- [Task to complete]: Word for word, restate the entries below and exclude every image.

Short descriptive text snippets
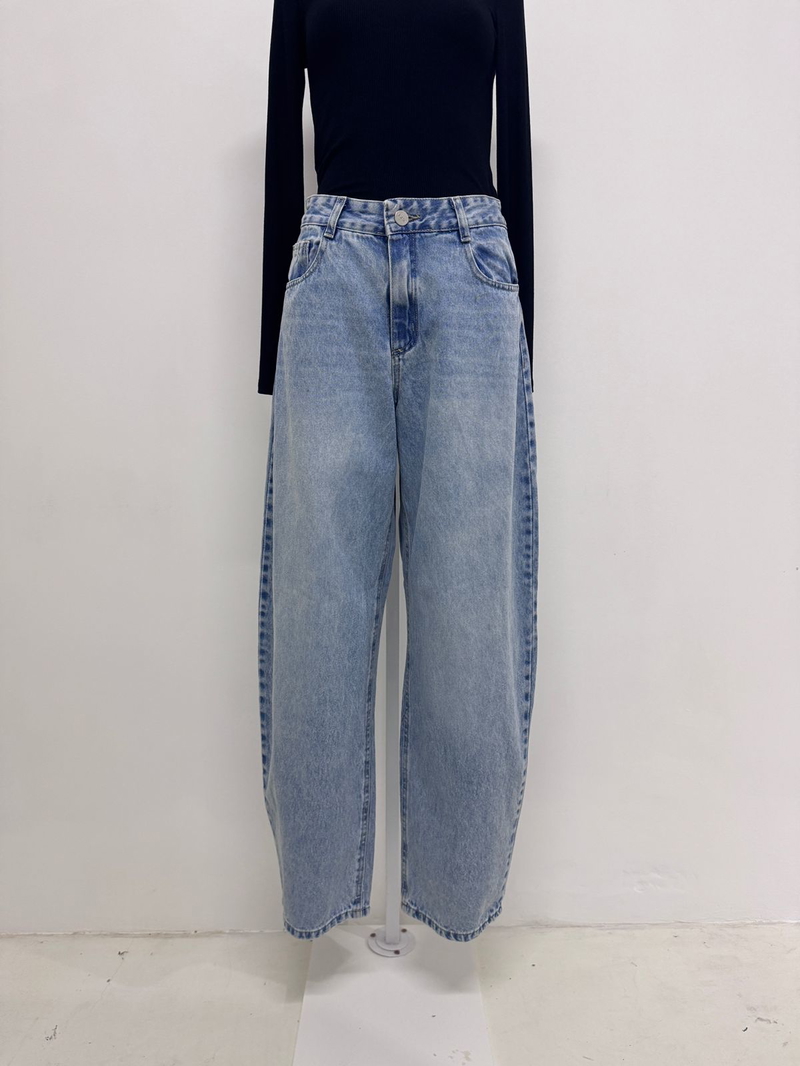 Jean Wide Balloon Celeste Bigotes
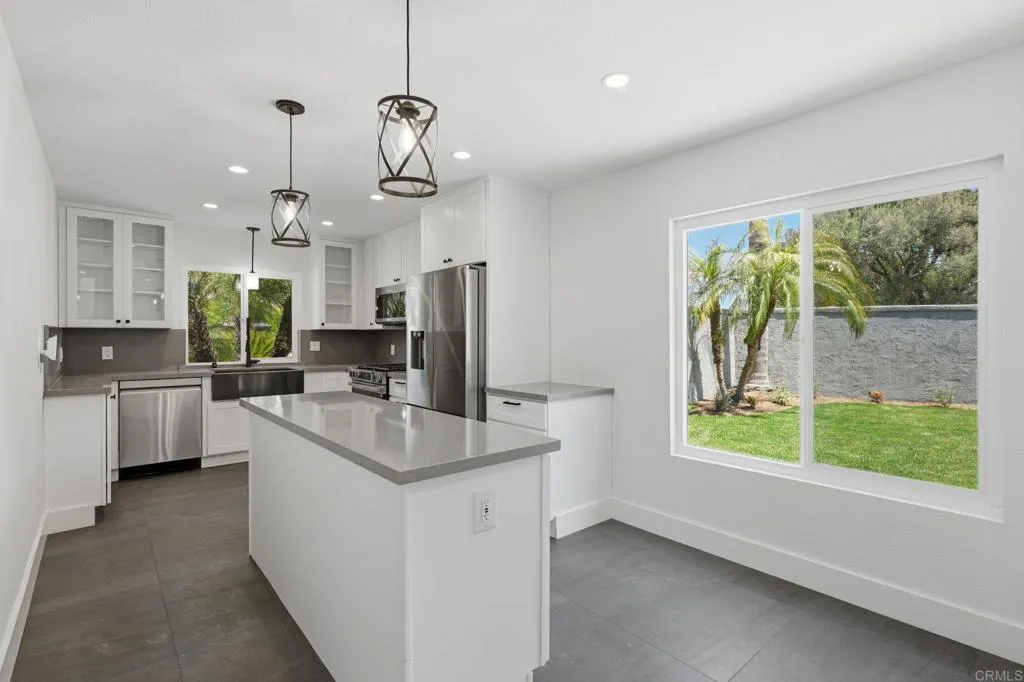 Additional image 7 of 1999 E Pointe Avenue, Carlsbad, CA 92008
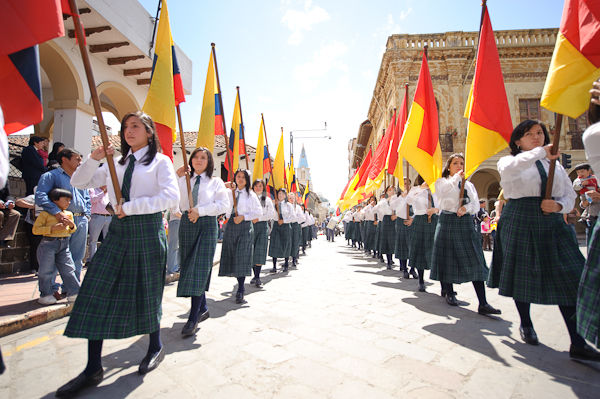 Colegio Sagrados Corazones en canonización del padre Damián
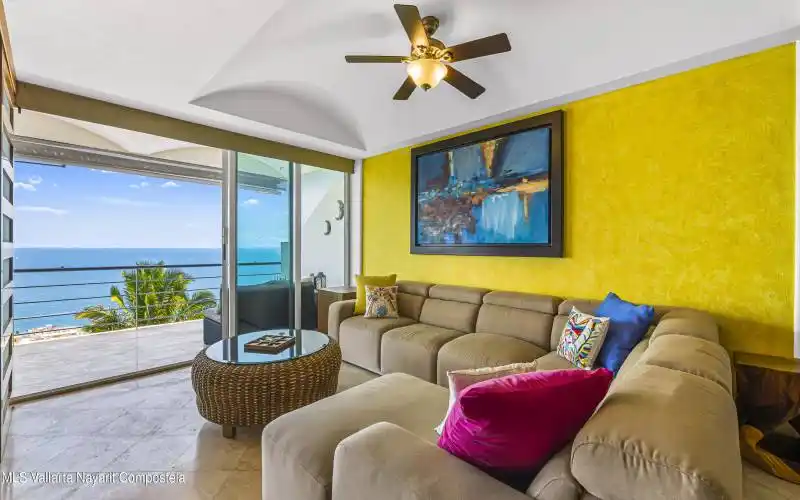 Vista Bahia II, 22-18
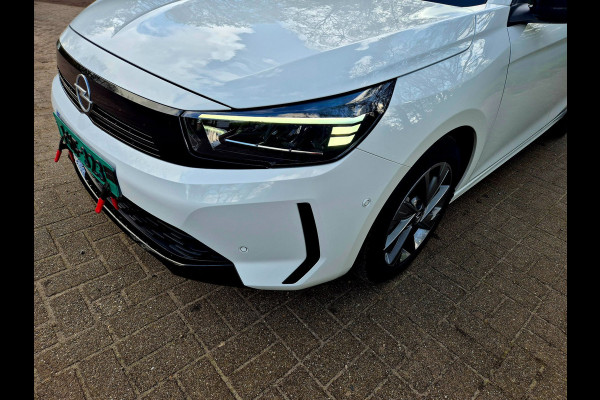 Opel Corsa 1.2 Turbo edition . Camera . Apple carplay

- [Task solution]:
 Jean Wide Balloon Celeste Bigotes
 Additional image 7 of 1999 E Pointe Avenue, Carlsbad, CA 92008
 Colegio Sagrados Corazones en canonización del padre Damián
 Vista Bahia II, 22-18
 Opel Corsa 1.2 Turbo edition . Camera . Apple carplay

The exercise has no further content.